For years now, Apple has had one of the best text messaging platforms in smartphones. Its iMessage message platform allows users to communicate across their different Apple devices. Android users have been left in the dark in these SMS advancements only being able to access their Android messenger on their phones.
Google is finally closer to giving Android users the ability to effortlessly receive and respond to texts on their computers. Their Android messenger app was found to have the groundwork for these features coded into the app already.
Pros and Cons
As an Android user, I have been envious of my friends with iPhones and Apple computers being able to access their messaging app flawlessly between their devices. By having important text messages display on your computer screen, you can access a new level of work efficiently not having to jump back and forth between screens. Sure the messages can be a distraction. I’ve seen in college students “taking notes” on their laptops but are gossiping to their BFF. I have my reasons for not switching my brand loyalty. I don’t need to get into that now.
3rd Party Solutions
To try to achieve the same level of control over my messaging I have tried a few different 3rd party apps like AirDroid and Pushbullet that mirror my notifications and text messages into their app on my computer running Windows or into a Google Chrome extension. While they do the job okay, they have their flaws because they are not flawlessly connected to my Android’s messaging.

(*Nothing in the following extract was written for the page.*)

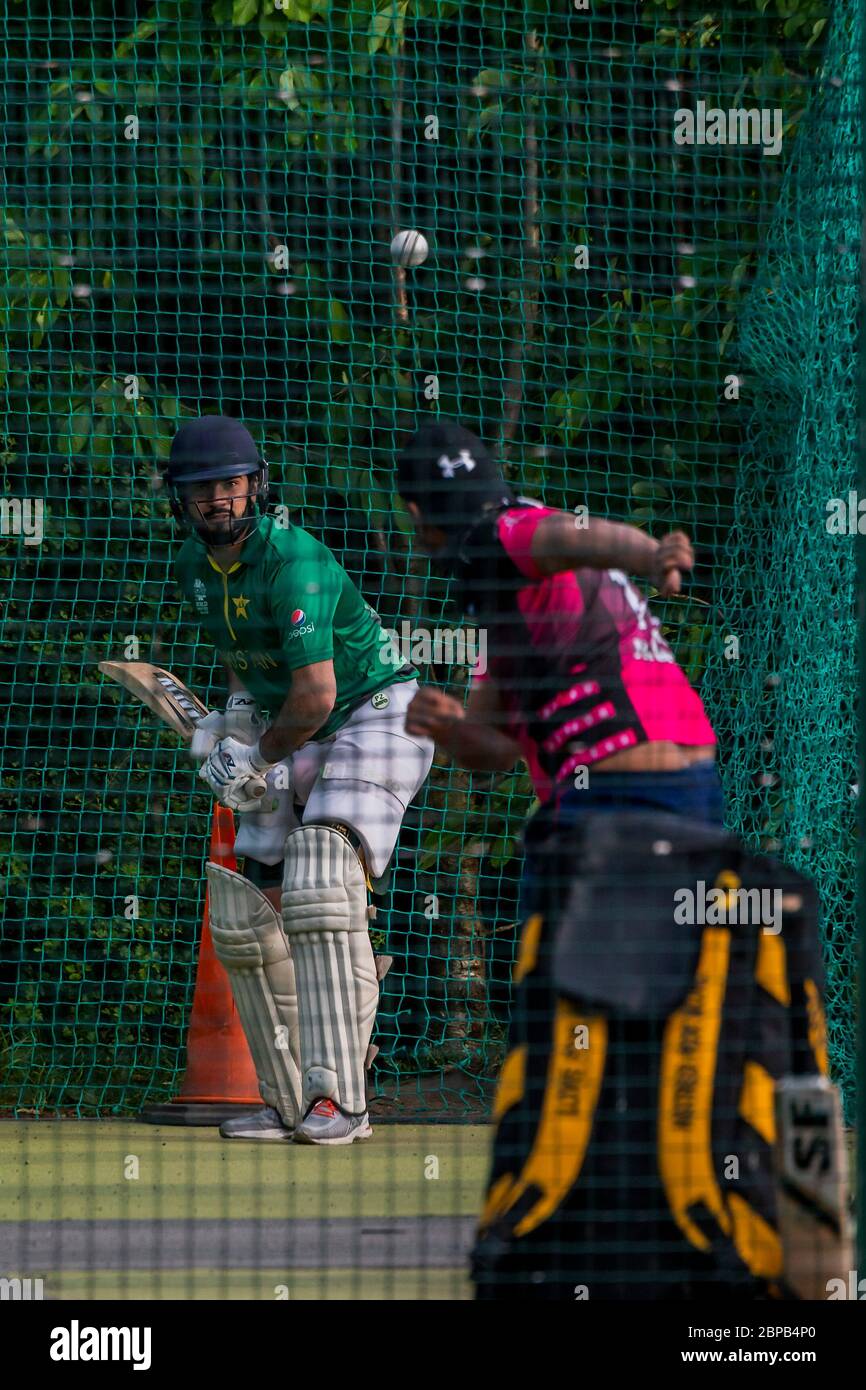 Londra, Regno Unito. 18 maggio 2020. Sport retrun comprese le reti da cricket e il tennis - chiaramente il virus non può essere trasmesso attraverso le palle. Clapham Common ha iniziato a ritornare ad una qualche forma di normalità sulla base delle restrizioni attenuate - Lambeth Consiglio hanno rimosso la maggior parte del segno e nastro che ha impedito la gente che si sfalcia sui banchi. Il "blocco" continua per l'epidemia di Coronavirus (Covid 19) a Londra. Credit: Guy Bell/Alamy Live News Foto Stock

Honestly, it surprises me that Google hasn’t developed this multi-device messaging capability yet as Apple has had it for years. I’ve previously talked about how competition between big technology companies allows for bigger and better innovative growth, but I think Google is just a bit behind in the multi-device messaging race. When 3rd party companies pick up the competitive slack between big companies, know that they could be doing better. They should take the hint and develop their own solution to the problem someone else is fixing. Competition – that’s how technology progresses.